Input Start Marker

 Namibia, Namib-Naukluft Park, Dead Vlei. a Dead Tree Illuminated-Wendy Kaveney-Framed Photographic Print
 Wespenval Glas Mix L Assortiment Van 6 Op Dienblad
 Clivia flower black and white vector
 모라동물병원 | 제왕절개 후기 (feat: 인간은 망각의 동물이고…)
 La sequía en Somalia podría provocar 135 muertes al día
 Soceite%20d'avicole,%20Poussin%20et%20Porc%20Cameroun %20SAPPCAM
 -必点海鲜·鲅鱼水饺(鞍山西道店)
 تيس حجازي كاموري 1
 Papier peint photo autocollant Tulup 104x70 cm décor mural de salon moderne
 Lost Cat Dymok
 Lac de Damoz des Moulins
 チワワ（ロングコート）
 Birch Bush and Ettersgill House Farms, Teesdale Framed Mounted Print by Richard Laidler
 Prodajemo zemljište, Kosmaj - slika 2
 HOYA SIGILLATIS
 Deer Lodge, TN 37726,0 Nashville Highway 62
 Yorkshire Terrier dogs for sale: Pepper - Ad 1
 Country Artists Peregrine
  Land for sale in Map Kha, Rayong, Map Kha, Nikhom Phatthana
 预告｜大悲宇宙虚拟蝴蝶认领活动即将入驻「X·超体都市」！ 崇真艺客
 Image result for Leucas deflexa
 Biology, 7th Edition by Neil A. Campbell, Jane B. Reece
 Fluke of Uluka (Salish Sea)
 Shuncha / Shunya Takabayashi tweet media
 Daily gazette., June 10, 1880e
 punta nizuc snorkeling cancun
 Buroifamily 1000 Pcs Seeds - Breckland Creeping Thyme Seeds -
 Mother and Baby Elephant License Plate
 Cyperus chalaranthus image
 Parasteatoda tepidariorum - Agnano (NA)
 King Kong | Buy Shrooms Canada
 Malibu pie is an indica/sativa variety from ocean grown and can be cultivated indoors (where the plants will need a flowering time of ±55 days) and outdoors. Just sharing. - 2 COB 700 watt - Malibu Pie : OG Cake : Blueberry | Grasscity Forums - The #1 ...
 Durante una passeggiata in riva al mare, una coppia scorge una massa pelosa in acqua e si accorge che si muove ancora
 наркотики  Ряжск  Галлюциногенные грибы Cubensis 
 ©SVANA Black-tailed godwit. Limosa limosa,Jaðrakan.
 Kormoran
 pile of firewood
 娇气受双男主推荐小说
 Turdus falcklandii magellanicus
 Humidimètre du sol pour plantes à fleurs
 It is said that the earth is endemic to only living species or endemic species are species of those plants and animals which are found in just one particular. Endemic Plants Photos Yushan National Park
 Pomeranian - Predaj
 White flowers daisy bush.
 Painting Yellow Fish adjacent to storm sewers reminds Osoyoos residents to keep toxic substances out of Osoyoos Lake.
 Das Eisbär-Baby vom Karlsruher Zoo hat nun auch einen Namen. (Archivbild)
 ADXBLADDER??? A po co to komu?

Input End Marker

* _Try it_: How many lines in the records contain the word "Framed"? Answer with the number alone.

* _Expected answer_: 2